I think the real power of Keen is the ability to gather analytics for your clients. If you're a platform (think Shopify), your customers probably want some sort of dashboard and reporting on their customers.
I scrolled down the entire page and still had no idea what mover.io is. You start with a tag line "The smarter way to move files"... I'm not sure what "move files" means exactly.
The next section is Why. I skimmed past this section because I want to know What before Why.
Then the next section is Testimonials. For what!
Then next is Services. Finally! The What! Although this needs to be laid out more cleanly, I shouldn't have to read about every product you offer before knowing what the "essence" of mover.io is.
I recently tried Keen.io for a project I'm working on, and it didn't work out - the metrics I was looking for were too complex (eg. the average lag between signup and the third time a user does a particular action) to do natively, and the suggestions for how to get that working in Keen (doing some calculations on the event data before sending out) I wasn't interested in.
Having said that, the guys at Keen were great to work with as I was sorting this out. The email I sent to their generic "contact us" address with some data modelling questions was answered promptly by one of the founders with solutions which, while I didn't like them, were interesting and would have worked out. They were also generous in letting me crash through the initial free quota while I was figuring out if the thing worked out for my use.

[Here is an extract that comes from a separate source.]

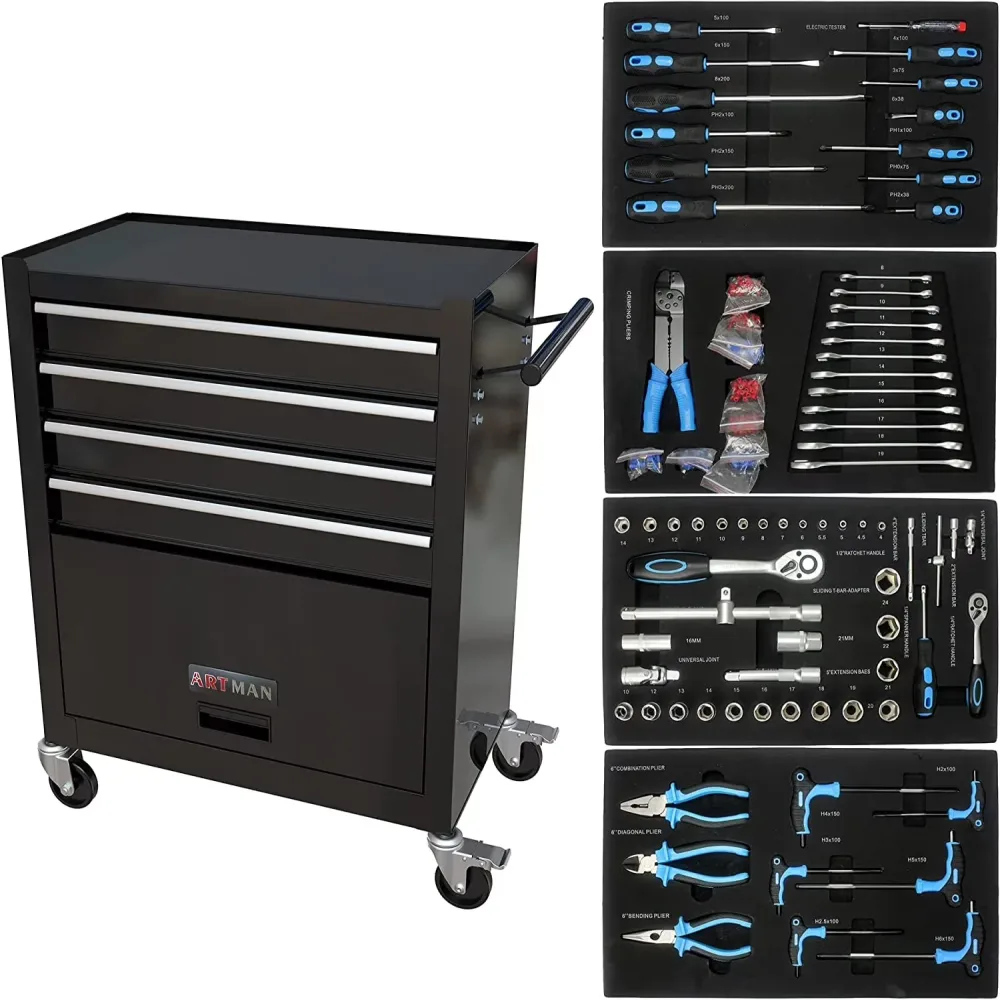 Tool Box portable blue black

So while I didn't sign up as a paying customer with them (and I've stopped sending them events), it was among the most pleasant interactions I've had with a prospective analytics vendor in a long while - well done guys!
I'm glad you had a pleasant experience -- it's too bad it didn't work out.

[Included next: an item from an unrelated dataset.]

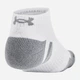 Набор женских носков коротких Under Armour Unisex Perf Tech 6pk Low 1386244-100 MD (36-41) 6 пар Белый (196886101716) - изображение 2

You may be interested in an upcoming feature we currently have in private beta, which does this:
your events ----> Keen IO ----> your S3 bucket on AWS
We have a great, standard format for representing the events in files in S3. If you were using that feature, you could just write an Elastic MapReduce job to perform these sorts of custom calculations (we'll be open-sourcing a bunch of these sorts of scripts). Another option would be to pay one of our partners to write this analysis code for you.

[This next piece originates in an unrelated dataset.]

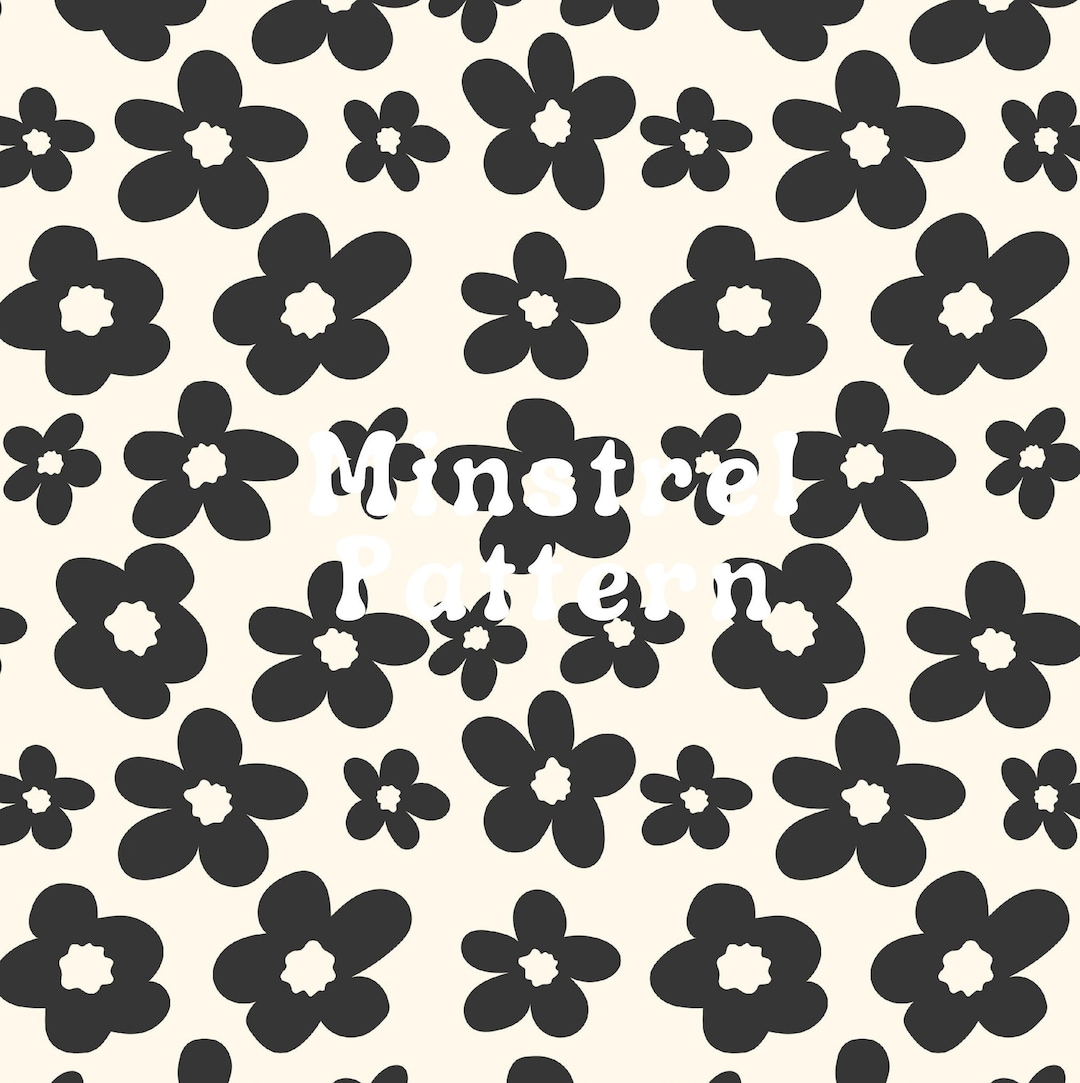 Retro Abstract Daisy Seamless Pattern Files for Fabric Printing, Floral ...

I wonder: would that feature be interesting to you? Would it have perhaps allowed us to win your business?
I'm not sure it would have (without trying it), but it certainly would have kept you in the game for a bit longer since I'm a-OK with EMR jobs for my analysis (or presumably being able to download those files and load them into my own Hadoop cluster).
I was hoping for a bit more insightful answer to the question "why choose Keen in particular".
Because I also chose Keen.io, but the primary reason was that I couldn't find any competing product that would allow us to provide customized analytics to clients of our SaaS platform.
Keen is nice though, but I'm surprised that I couldn't find much competition.
I suppose the answer to that question is that it enabled us to very quickly send our transfer logs into a system that a non-technical person could easily play with. Being somewhat technical helps as well because I can easily create little dashboards (and blog posts!) with great visualizations without having to dive into some nasty graphing code.
There ARE alternatives out there, but they're crazy expensive and usually designed to analyze things like Hadoop data.
Ok that second chart is kinda a mess due to too much data, and an only partially visible legend.
But it raises a question for me on the draw order used. Is that the default draw order? As while I could be wrong it appears to be alphabetical same as the legend order. If this is the default it seems like a poor default.
Now not considering that most people will want attention drawn based on the data itself some how. It seems that if you are going to do the legend in alphabetical order the draw order for the lines should be reverse alphabetical order to ensure that the lines which are most visible (drawn on top) are also most likely to be in the top part of the legend.
I just am curious if this is a poor default or just a quickly made example chart. Or maybe it is a great default and I am missing something.